All of these epic sagas square protagonists up against the undoing of everything from some ultimate force/ evil; I don't need it to be literally spelled out in every detail. But I need to understand more than I do here. I need something more tangible than "To Break is divine". I guess these are more Book 7 thoughts. Mark your calendars!

Speaking of:


THE MAN BEHIND THE CURTAIN



It doesn't get more tangible than the author having a few beers with (in front of, I guess, while they look with a measure of awe and embarrassment) his creations.

This is another section I liked more than expected. King comes across well, and I'd be curious to hear from those who know him (or knew him in the 70s) if he got himself right. Storytelling-wise, the todana-death-bag and other foreshadowing works pretty well. It doesn't get the pay-off it deserves in bk 7.

King's diaries that end the book are an interesting narrative device for the penultimate book of the series, but the voice is off. He doesn't sound like the guy we met earlier in the book, or the King we know from countless intros and endnotes. Okay, let's say he has different voices for different tasks. Problem is, this King sounds like the diary writer from countless other King works (The Plant, "Survivor Type," The Regulators, etc.) Could he actually be commenting on his tendency towards sameness of diary-voice? It seems impossible. Could he be that much a master of meta-puppetry?




A FEW LAST THINGS

- I haven't even commented on the title character too much. I didn't care for the Maid of Constant Sorrow refrains, or the jailhouse/ answering machine of the damned motif, although I guess that was an effective way of straddling various timelines. (I liked it better in "1408," though.) 

- King's hostility towards Calvin Tower continues to crack me up, both in-story and meta-wise. I guess this is pretty much the high point of it all. All the characters abuse him to a degree I never quite understand. But it feels very meta. There's something going on here, some reaction to his fame or marketability or both.
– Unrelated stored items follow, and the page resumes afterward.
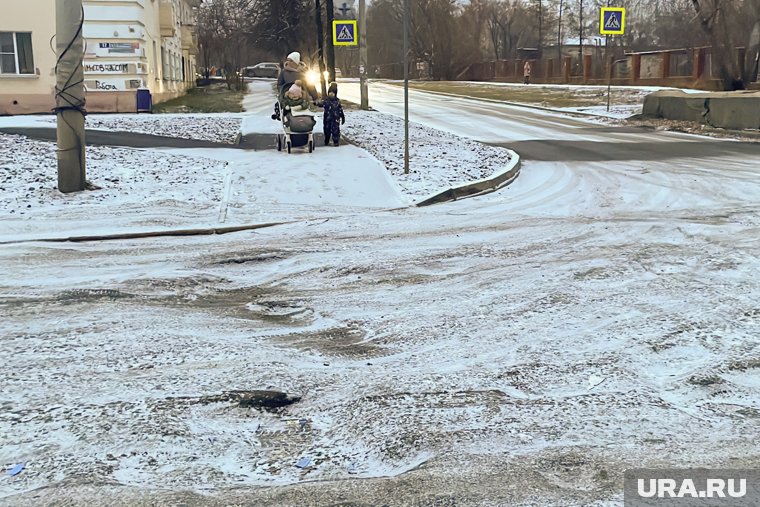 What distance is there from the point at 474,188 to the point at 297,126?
4.01m

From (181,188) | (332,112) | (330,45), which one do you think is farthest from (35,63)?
(181,188)

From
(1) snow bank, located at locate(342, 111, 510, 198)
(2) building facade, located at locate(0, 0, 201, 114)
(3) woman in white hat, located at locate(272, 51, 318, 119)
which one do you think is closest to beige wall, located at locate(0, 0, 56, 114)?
(2) building facade, located at locate(0, 0, 201, 114)

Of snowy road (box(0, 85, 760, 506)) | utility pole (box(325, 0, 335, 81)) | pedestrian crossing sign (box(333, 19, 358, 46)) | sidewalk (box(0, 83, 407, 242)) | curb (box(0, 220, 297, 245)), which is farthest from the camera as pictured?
utility pole (box(325, 0, 335, 81))

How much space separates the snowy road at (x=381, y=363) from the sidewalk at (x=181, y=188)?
0.85 metres

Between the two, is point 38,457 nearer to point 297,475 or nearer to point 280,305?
point 297,475

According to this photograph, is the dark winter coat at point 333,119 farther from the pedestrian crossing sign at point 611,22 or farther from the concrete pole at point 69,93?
the pedestrian crossing sign at point 611,22

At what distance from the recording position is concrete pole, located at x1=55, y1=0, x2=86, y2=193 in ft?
31.4

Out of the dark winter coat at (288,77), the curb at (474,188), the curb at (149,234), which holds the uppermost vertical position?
the dark winter coat at (288,77)

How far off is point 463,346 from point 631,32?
82.4 metres

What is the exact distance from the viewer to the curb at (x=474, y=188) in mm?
10344

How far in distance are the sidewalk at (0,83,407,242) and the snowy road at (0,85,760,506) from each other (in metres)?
0.85

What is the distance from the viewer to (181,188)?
10273mm

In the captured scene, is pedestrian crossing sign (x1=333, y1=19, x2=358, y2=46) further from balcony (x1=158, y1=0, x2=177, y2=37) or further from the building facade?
balcony (x1=158, y1=0, x2=177, y2=37)

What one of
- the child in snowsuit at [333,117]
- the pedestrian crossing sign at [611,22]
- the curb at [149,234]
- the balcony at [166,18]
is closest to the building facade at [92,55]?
the balcony at [166,18] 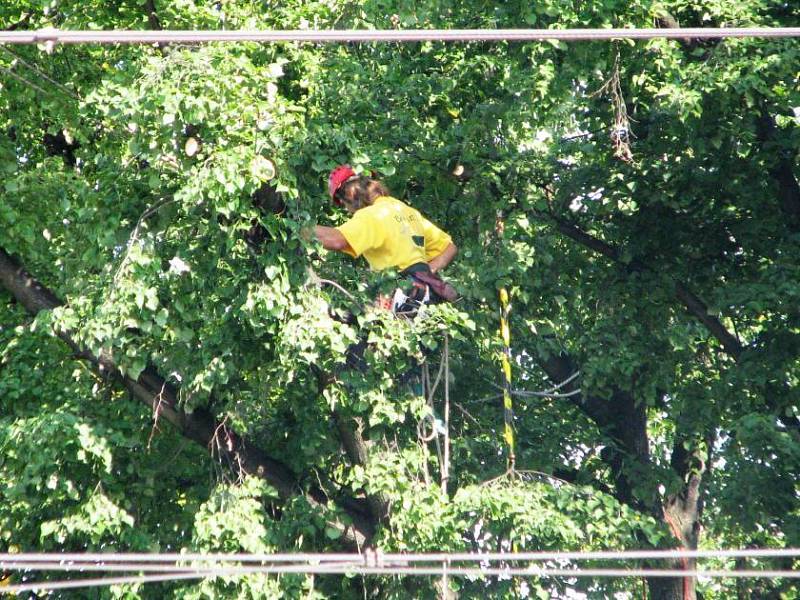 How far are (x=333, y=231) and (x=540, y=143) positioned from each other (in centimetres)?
448

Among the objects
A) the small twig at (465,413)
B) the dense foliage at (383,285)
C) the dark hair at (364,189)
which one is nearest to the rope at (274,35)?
the dense foliage at (383,285)

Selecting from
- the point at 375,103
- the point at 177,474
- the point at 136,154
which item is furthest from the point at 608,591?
the point at 136,154

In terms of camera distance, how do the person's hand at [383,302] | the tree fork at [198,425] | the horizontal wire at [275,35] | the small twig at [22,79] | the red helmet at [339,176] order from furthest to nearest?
the small twig at [22,79] < the tree fork at [198,425] < the person's hand at [383,302] < the red helmet at [339,176] < the horizontal wire at [275,35]

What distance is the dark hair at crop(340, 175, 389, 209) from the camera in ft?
25.1

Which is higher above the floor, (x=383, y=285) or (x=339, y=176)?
(x=339, y=176)

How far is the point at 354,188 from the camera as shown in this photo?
→ 25.2 ft

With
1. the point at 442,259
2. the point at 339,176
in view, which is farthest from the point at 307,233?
the point at 442,259

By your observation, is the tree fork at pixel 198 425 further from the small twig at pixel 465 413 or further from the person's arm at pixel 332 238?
the person's arm at pixel 332 238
I bet there was a scene where Roland pistol-whips him that Tabby made him take out.


- The sköldpadda (the item in the lining of the bag teased throughout the last act of Wolves of the Calla) is awfully convenient. More magic items from the man behind the curtain - is King commenting on himself here, too? Ka. Anyway, like all such magic items, they'd have come in useful elsewhere or are not utilize beyond getting the characters out of certain scenes.

I covered the fake language stuff and how much it bugged me by this point in the series, so I won't spend time on it, do'ee kennit? Kra? Twim. 

- I didn't read a single one of the "commala" stanzas that end every chapter. I hope there's gold in there - the secret to the universe, even. I'm happy to die missing out on it from skipping these. Two can play the stubborn game, Mr. King. 

FINAL VERDICT

All in all, a better read than I remembered, but my original opinion (what the hell did you do to your series, dude?) remains unchanged.